I'm running a legacy Spring Boot (1.4.4) application with Thymeleaf (2.1.4) in production on Java 8 (1.8.0_161-b12 / HotSpot 64 25.161-b12). When the application experiences moderate load (1K reqs/min), all app requests experience latency (> 1min), and CPU on the app instances max out.
How can I pinpoint exactly where this performance bottleneck is occurring? If it is a code / design issue how can I be certain, or if I just need to allocate more resources?
Things I've tried:
- Scaling up the DB and increase connection pool size ( CPU is negligible )
- Disabled the template/expression (Thymeleaf) and query cache (Hibernate/couchbase) and experienced same latency.
- Scale up cluster (3x t2.large)
Other things to note:
- JVM heap is not configured, but doesn't appear to approach max heap size.
- JVM monitoring shows regular (Allocation Failed) garbage collection during load w/ ParallelGCFailedAllocation occurring frequently
- There's a few
Full GC
events occurring that take b/w 1-3 seconds. - A heap dump during peak latency reveals over 172 blocked threads that appear to be waiting on Thymeleaf cache PUT requests?!
"http-nio-8080-exec-168" - Thread t@488
java.lang.Thread.State: BLOCKED
at org.thymeleaf.cache.StandardCache$CacheDataContainer.putWithoutTracing(StandardCache.java:384)
- waiting to lock <4e409b1c> (a [Ljava.lang.Object;) owned by "http-nio-8080-exec-170" t@490
at org.thymeleaf.cache.StandardCache$CacheDataContainer.put(StandardCache.java:368)
at org.thymeleaf.cache.StandardCache.put(StandardCache.java:141)
at org.thymeleaf.spring4.expression.SpelVariableExpressionEvaluator.getExpression(SpelVariableExpressionEvaluator.java:184)
at org.thymeleaf.spring4.expression.SpelVariableExpressionEvaluator.evaluate(SpelVariableExpressionEvaluator.java:129)

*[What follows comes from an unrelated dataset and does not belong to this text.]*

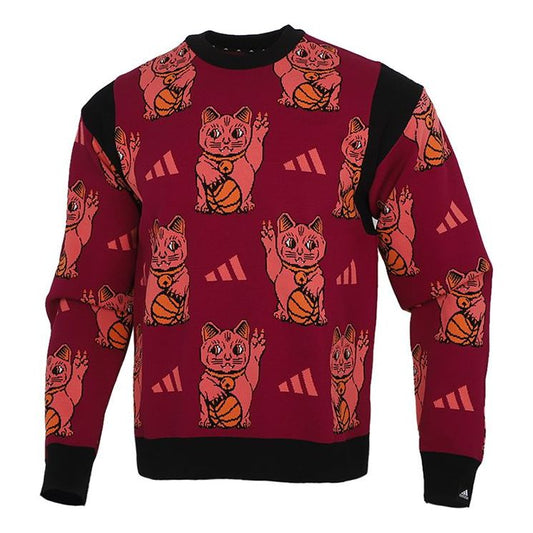 adidas M Urban Knit Cr Printing Colorblock Casual Sports Round Neck Red FR6591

at org.thymeleaf.standard.expression.VariableExpression.executeVariable(VariableExpression.java:154)
at org.thymeleaf.standard.expression.SimpleExpression.executeSimple(SimpleExpression.java:59)
at org.thymeleaf.standard.expression.Expression.execute(Expression.java:103)
at org.thymeleaf.standard.expression.Expression.execute(Expression.java:133)
at org.thymeleaf.standard.expression.Expression.execute(Expression.java:120)
at org.thymeleaf.standard.processor.attr.AbstractStandardLocalVariableDefinitionAttrProcessor.getNewLocalVariables(AbstractStandardLocalVariableDefinitionAttrProcessor.java:89)
at org.thymeleaf.processor.attr.AbstractLocalVariableDefinitionAttrProcessor.processAttribute(AbstractLocalVariableDefinitionAttrProcessor.java:62)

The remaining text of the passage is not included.